Scheduled Downtime
On Tuesday 24 October 2023 @ 5pm MT the forums will be in read only mode in preparation for the downtime. On Wednesday 25 October 2023 @ 5am MT, this website will be down for maintenance and expected to return online later in the morning.
Normal Operations
The forums are back online with normal operations. If you notice any issues or errors related to the forums, please reach out to help@ucar.edu

Timeseries post-processing on derecho

dbailey

CSEG and Liaisons
Staff member
We have a sort of working version of the timeseries post-processing on derecho. It does not work yet on casper as it relies on impi which is not available on casper yet.

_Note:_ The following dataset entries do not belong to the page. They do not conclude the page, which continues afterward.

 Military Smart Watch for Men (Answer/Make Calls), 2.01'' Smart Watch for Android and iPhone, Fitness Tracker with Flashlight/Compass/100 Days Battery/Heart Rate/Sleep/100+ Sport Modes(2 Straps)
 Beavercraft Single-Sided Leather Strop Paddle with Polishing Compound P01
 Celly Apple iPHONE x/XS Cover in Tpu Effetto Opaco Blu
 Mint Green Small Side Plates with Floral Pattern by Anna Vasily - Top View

Option #1 :: if you own $CASEROOT:

cd $CASEROOT

module use /glade/work/bdobbins/Software/Modules

module load cesm_postprocessing_derecho

create_postprocess -caseroot=`pwd`

cd postprocess/

cp /glade/u/home/dbailey/timeseries .


Edit timeseries to fix the CASENAME


Option #2 :: if you do NOT own $CASEROOT:

cp /glade/work/nanr/cesm_tags/CASE_tools/pp-offline/derecho/LR/pp-offline-standAlone-derecho.csh MY_TOOLS_DIRECTORY
Edit pp-offline-standAlone-derecho.csh to set the CASENAME and PATHS.
./pp-offline-standAlone-derecho.csh
 

oleson

Keith Oleson
CSEG and Liaisons
Staff member
Just noting that I tried this on clm primary (h0) history files and it worked for me, thanks!
Minor: I edited CASE and CASEROOT in the timeseries script, not CASENAME.
 

mlague

New Member
I was able to follow these instructions to get time series for both the lnd and ice model components, but not the atm. Specifically, I'm trying to make time series of variable from the monthly history output files. I'm not sure what I'm missing, as I made the same changes to the atmosphere part of the scripts as to the land part, which successfully got me my land time series, but don't even result in the creation of the "atm/proc" directory. Any tips?
 

mlague

New Member
I've attached the env_timeseries.xml file (as plain text) - forgot to attach to original message.
 

Attachments

  • env_timeseries.txt
    18.5 KB · Views: 17

oleson

Keith Oleson
CSEG and Liaisons
Staff member
Are your primary history files *.cam.h0.*.nc? Mine from a recent run are *.cam.h0a.*.nc.
 

mlague

New Member
Oooooooooooooooo you're absolutely right, they are indeed h0a now! Just switched that in the env_timeseries and we'll see how it goes! Thanks!!!!
 

michelle_dvorak

Michelle Dvorak
Member
I have not had success in starting a post-processing job on Derecho using these instructions. Job fails when I submit with the following in the log file:

Extra data: line 1 column 1470 (char 1469)
cesm_tseries_generator: DEBUG... Running on 1 cores
Extra data: line 1 column 1470 (char 1469)
dec2276.hsn.de.hpc.ucar.edu: rank 117 exited with code 1
cesm_tseries_generator: DEBUG... Running on 1 cores
Extra data: line 1 column 1470 (char 1469
dec2276.hsn.de.hpc.ucar.edu: rank 112 died from signal 15

I've tried to take a look at the offending "cesm_tseries_generator" file, which I believe is located in /opt/ncar/cesm_postprocessing/cesm-env2/bin/ , according to the timeseries file, but I suspect there is an environment issue that is over my head. I am told the directory does not exist.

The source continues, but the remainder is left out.